Which is more performant: replacingOccurrences or components(separatedBy:).joined()

I wish to remove all intermediate spaces in s String.
Option 1:
func removingWhitespaces() -> String {
return replacingOccurrences(of: " ", with: "")
}
Option 2:
func removingWhitespaces() -> String {
return components(separatedBy: .whitespaces).joined()
}
Which is more performant ?
As per my point of view, I think option 1 is faster than the options 2.
Reason:
In option 2, you are chaining the return value of components(separatedBy:) to joined(). So ultimately the return value of the joined()` is used whereas in the option 1 you are directly calling the build-in function of the String.

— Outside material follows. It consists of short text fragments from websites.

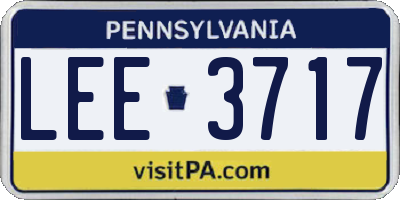 PA license plate LEE3717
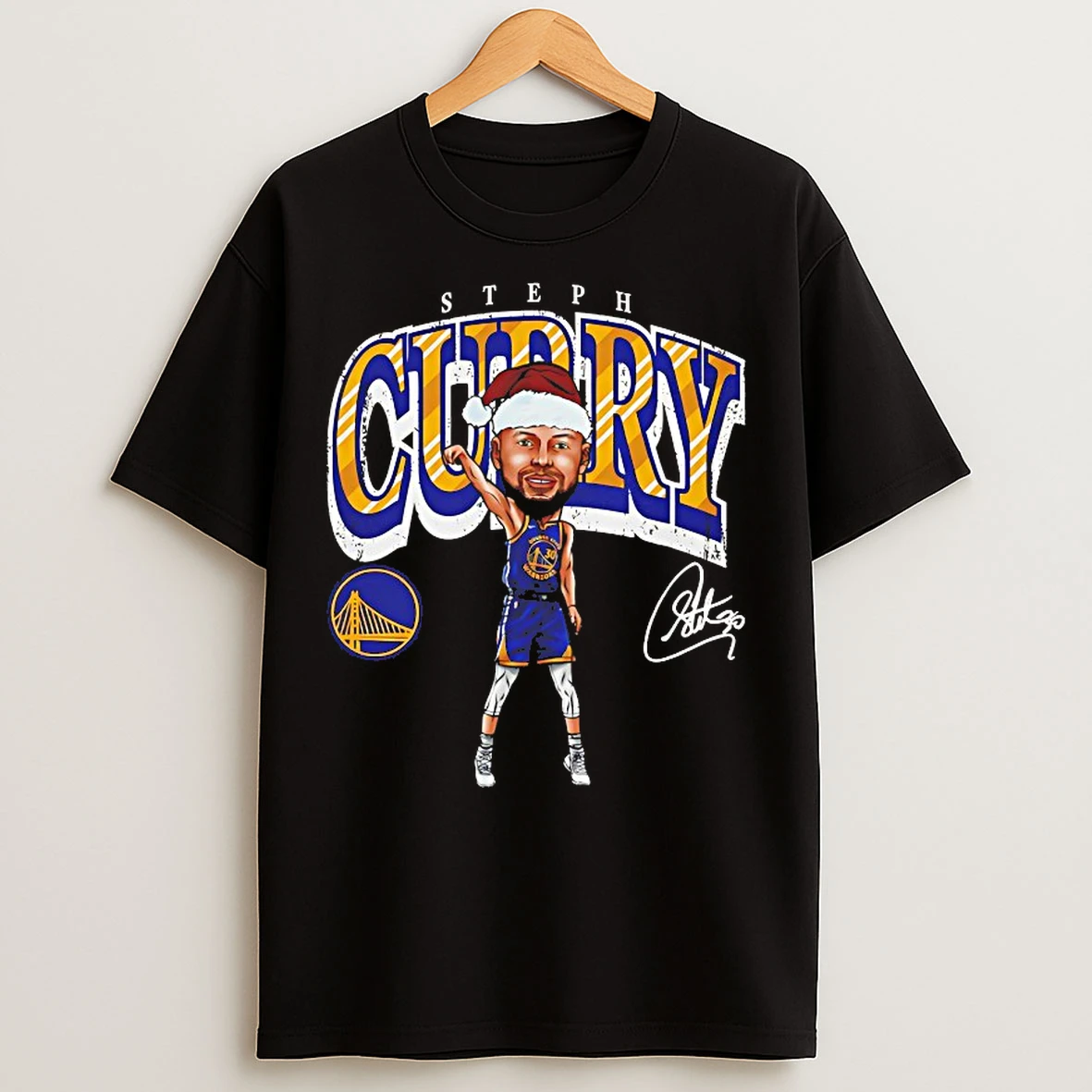 Classic Steph Curry Golden State Warriors Cartoon Santa Hat T Shirts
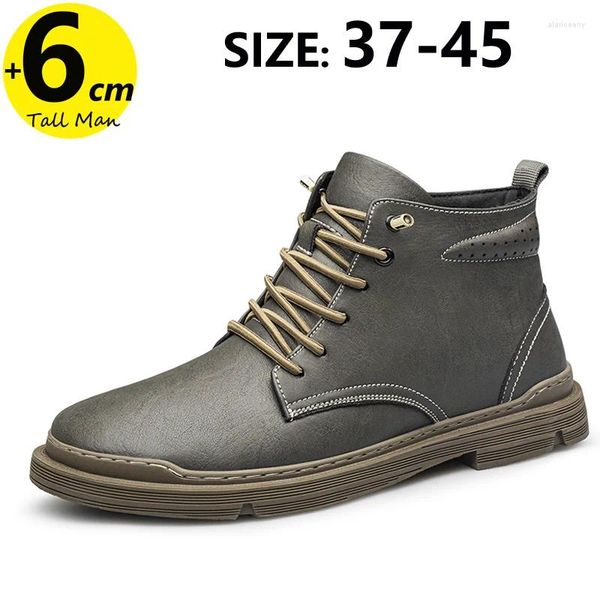 Botas Ankel Elevador Aumento de Altura Sapatos para Homens Palmilha de Negócios 6cm Ao Ar Livre Couro Britânico Plus Size 37-45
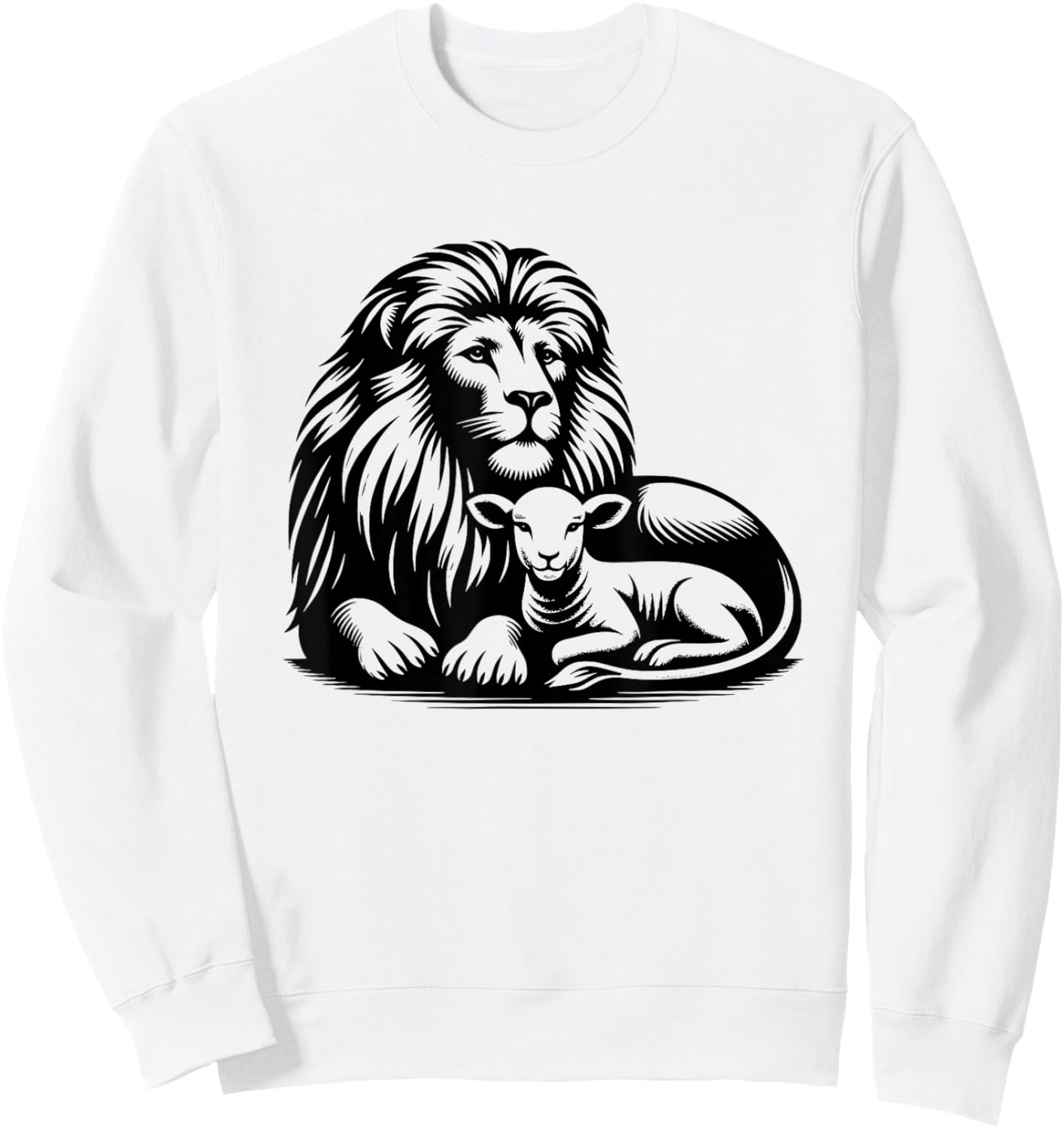 Lion and Lamb Black Design Christian Men Women Sweatshirt - Sweatshirt | White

As per my understanding, I would like to suggest Option 1
Because,
replacingOccurrences(of: " ", with: "")
will perform only single operation.
where,
components(separatedBy: .whitespaces).joined()
will perform two operation and taking more time. First it will separate elements by whitespace and create array then on array it will perform join operation and give you output.
Figure it out yourself. Basic performance testing is very simple in Xcode. In a XCTestCase class run these 2 tests
func testPerformance1() {
let string = "I wish to remove all intermediate spaces in a String"
self.measure {
for _ in 0..<10000 {
_ = string.replacingOccurrences(of: " ", with: "")
}
}
}
func testPerformance2() {
let string = "I wish to remove all intermediate spaces in a String"
self.measure {
for _ in 0..<10000 {
_ = string.components(separatedBy: .whitespaces).joined()
}
}
}
and read the result in the console. replacingOccurrences is much faster.
There is no big difference between components(separatedBy: " ") and components(separatedBy: .whitespaces)
Space
When talking about performance, one should take space complexity into account. What's meant by this term is how much memory will be needed to run this piece of code and describes the relationship between the number of elements in the input and the reserved memory. For example, we talk about:
O(n) space complexity when the reserved memory grows with the number of elements in the input.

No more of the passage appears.